Among the entries that follow, tally the lines with the string "From". Give no more than the number.

------------------------------------------------------------------------

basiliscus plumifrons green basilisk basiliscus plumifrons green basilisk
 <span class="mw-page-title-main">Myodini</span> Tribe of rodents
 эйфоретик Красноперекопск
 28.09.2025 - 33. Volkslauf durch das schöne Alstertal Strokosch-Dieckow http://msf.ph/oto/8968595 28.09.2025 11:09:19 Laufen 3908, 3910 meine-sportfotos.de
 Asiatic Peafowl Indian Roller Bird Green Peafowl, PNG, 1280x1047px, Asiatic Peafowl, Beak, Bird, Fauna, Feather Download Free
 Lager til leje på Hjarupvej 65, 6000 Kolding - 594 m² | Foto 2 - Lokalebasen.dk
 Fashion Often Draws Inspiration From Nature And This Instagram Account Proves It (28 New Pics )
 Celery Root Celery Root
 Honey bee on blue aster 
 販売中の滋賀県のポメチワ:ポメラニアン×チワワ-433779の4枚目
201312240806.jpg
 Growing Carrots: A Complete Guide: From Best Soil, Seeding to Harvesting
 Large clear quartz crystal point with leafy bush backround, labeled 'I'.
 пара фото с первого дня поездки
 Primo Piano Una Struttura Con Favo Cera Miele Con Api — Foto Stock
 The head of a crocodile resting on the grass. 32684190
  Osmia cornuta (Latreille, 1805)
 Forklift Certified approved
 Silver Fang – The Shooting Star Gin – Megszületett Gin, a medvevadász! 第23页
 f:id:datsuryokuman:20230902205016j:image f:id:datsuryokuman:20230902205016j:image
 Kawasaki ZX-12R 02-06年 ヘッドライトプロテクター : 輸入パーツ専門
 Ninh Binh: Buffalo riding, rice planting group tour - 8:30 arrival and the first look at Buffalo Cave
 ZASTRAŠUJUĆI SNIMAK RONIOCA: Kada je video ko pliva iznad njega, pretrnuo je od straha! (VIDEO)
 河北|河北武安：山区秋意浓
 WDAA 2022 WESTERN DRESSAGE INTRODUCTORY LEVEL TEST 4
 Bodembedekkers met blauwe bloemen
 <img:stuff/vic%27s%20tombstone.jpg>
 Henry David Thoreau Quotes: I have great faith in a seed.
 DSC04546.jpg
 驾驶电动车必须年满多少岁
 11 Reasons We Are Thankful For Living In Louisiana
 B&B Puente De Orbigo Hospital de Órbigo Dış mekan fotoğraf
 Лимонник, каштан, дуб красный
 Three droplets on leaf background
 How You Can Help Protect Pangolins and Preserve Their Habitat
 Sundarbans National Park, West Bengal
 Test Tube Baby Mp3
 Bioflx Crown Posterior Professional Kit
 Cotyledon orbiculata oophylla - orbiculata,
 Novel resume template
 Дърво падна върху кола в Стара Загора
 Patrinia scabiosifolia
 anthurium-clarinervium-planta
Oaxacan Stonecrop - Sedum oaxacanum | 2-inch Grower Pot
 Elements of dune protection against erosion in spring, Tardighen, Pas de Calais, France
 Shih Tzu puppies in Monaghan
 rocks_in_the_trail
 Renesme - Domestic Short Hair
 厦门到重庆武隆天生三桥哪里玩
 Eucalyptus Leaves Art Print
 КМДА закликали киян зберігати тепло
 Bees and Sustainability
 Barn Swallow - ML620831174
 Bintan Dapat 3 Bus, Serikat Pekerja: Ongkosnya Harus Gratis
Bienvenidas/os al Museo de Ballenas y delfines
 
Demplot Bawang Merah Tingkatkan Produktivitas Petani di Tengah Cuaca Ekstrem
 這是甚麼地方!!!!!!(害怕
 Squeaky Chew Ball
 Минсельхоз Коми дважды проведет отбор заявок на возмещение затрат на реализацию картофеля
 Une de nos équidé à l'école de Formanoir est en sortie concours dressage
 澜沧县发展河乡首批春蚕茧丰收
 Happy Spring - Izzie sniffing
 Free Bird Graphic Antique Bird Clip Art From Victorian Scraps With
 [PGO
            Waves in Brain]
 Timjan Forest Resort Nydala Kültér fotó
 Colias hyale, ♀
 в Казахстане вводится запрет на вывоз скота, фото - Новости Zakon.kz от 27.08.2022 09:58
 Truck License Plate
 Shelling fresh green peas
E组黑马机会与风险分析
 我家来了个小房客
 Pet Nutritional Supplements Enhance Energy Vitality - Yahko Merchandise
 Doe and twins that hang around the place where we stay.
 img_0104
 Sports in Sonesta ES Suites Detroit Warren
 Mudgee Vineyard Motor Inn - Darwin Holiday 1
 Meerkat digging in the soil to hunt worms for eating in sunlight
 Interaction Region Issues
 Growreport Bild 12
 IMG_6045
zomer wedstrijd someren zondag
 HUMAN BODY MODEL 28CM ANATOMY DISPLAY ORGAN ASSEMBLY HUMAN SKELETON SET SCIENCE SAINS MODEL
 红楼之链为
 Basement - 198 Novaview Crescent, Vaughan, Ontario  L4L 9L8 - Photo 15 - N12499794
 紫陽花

------------------------------------------------------------------------

[Result below]
3